A data model for 3D reference images

Parameters:
  • init (any) – Any of the initializers supported by DataModel.
  • data (numpy array) – The science data.
  • dq (numpy array) – The data quality array.
  • err (numpy array) – The error array.
class jwst.datamodels.ReferenceQuadModel(init=None, data=None, dq=None, err=None, **kwargs)[source]

A data model for 4D reference images

Parameters:
  • init (any) – Any of the initializers supported by DataModel.
  • data (numpy array) – The science data.
  • dq (numpy array) – The data quality array.
  • err (numpy array) – The error array.
class jwst.datamodels.ResetModel(init=None, data=None, dq=None, err=None, dq_def=None, **kwargs)[source]

A data model for reset correction reference files.

Parameters:
  • init (any) – Any of the initializers supported by DataModel.
  • data (numpy array) – The science data.
  • dq (numpy array) – The data quality array.
  • err (numpy array) – The error array.
  • dq_def (numpy array) – The data quality definitions table.
class jwst.datamodels.RSCDModel(init=None, rscd_table=None, **kwargs)[source]

A data model for the RSCD reference file.

Parameters:
  • init (any) – Any of the initializers supported by DataModel.
  • rscd_table (numpy array) – A table with seven columns, three string-valued that identify which row to select, and four float columns containing coefficients.
class jwst.datamodels.SaturationModel(init=None, data=None, dq=None, dq_def=None, **kwargs)[source]

A data model for saturation checking information.

Parameters:
  • init (any) – Any of the initializers supported by DataModel.
  • data (numpy array) – The science data.
  • dq (numpy array) – The data quality array.
  • dq_def (numpy array) – The data quality definitions table.
class jwst.datamodels.SpecModel(init=None, spec_table=None, **kwargs)[source]

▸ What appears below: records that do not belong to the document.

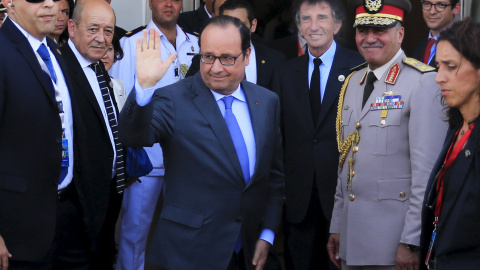 El Presidente francés Francois Hollande a su llegada a la ceremonia de apertura del nuevo Canal de Suez, en Ismailia, Egipto, 6 de agosto de 2015. REUTERS / Amr Abdallah Dalsh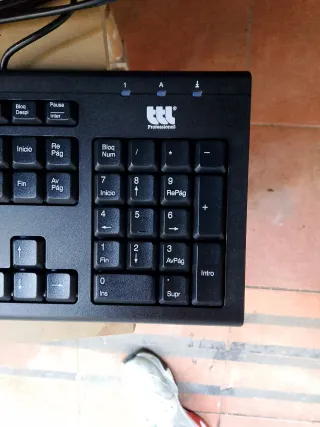 Teclado TTL Profesional Negro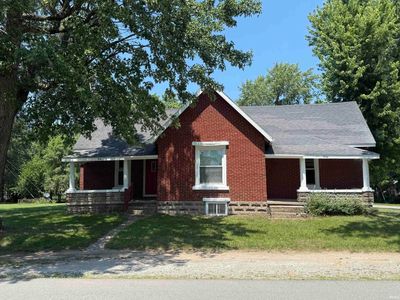 714 E Main St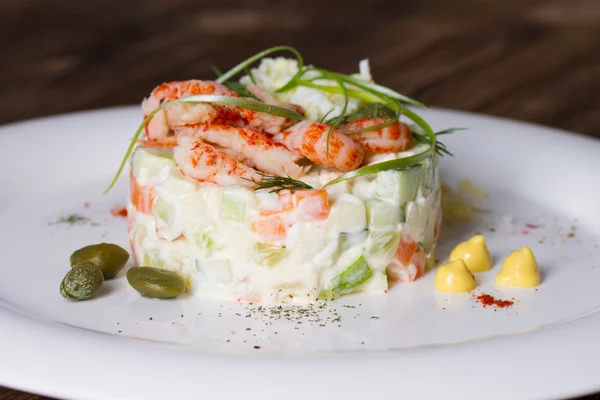 Karides ile Rus salatası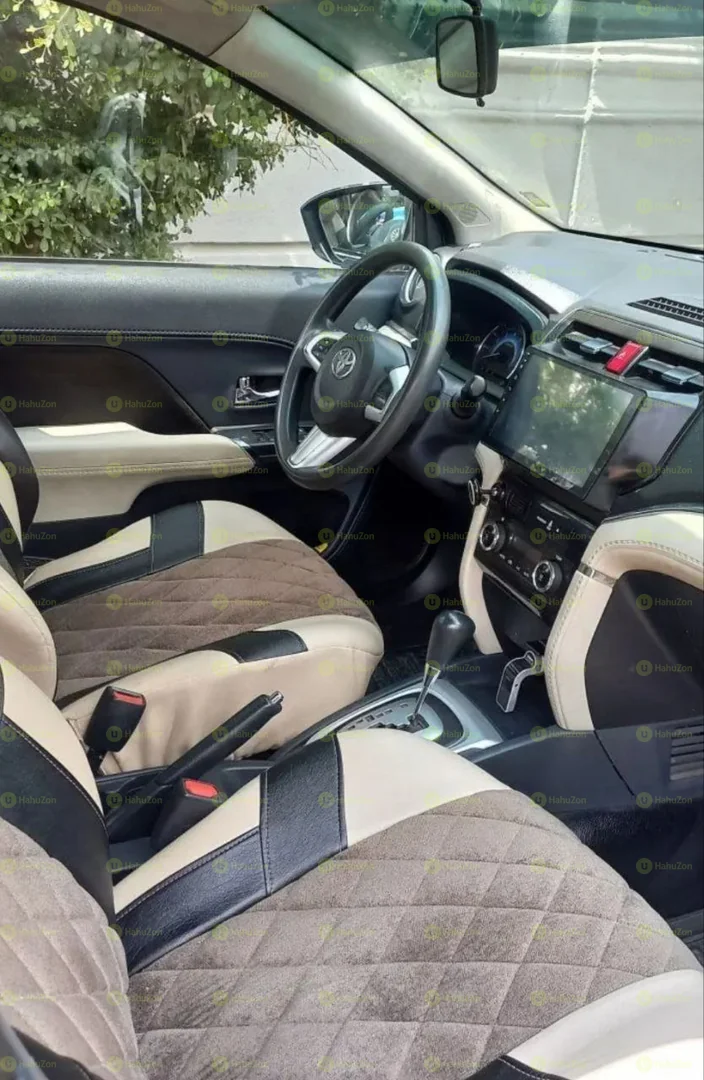 20-18 Model-Toyota Rush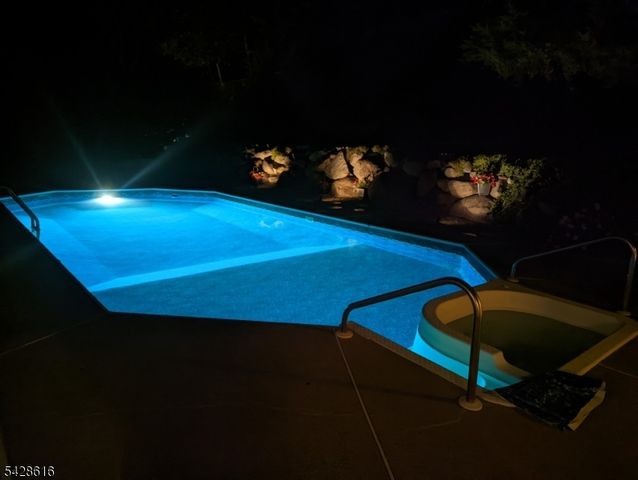 24 Molinari Dr, Wanaque Boro, NJ 07465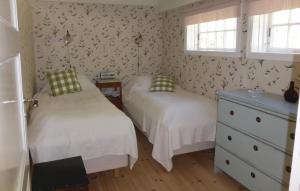 - une chambre avec 2 lits, une commode et 2 fenêtres dans l'établissement Awesome home in Strngns with 2 Bedrooms and WiFi, à Sundby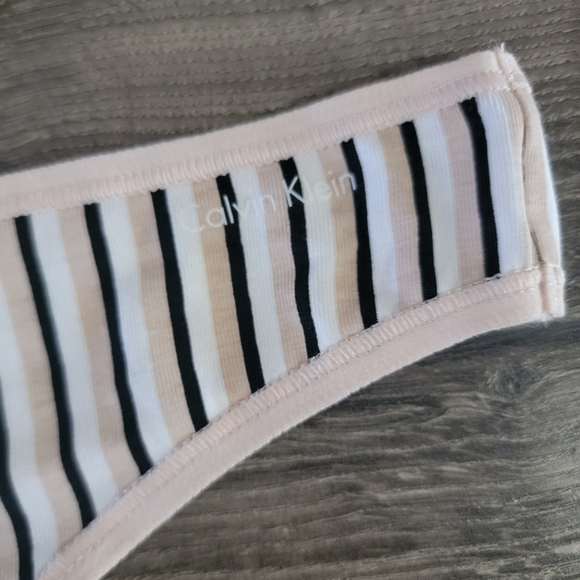 Women's Calvin Klein striped thong panty size S NWT - Picture 3 of 4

A data model for 1D spectra.

Parameters:
  • init (any) – Any of the initializers supported by DataModel.
  • spec_table (numpy array) – A table with at least four columns: wavelength, flux, an error estimate for the flux, and data quality flags.
class jwst.datamodels.StrayLightModel(init=None, data=None, **kwargs)[source]

A data model for 2D straylight mask.

Parameters:
  • init (any) – Any of the initializers supported by DataModel.
  • data (numpy array) – 2-D straylight mask array.
class jwst.datamodels.SuperBiasModel(init=None, data=None, dq=None, err=None, dq_def=None, **kwargs)[source]

A data model for 2D super-bias images.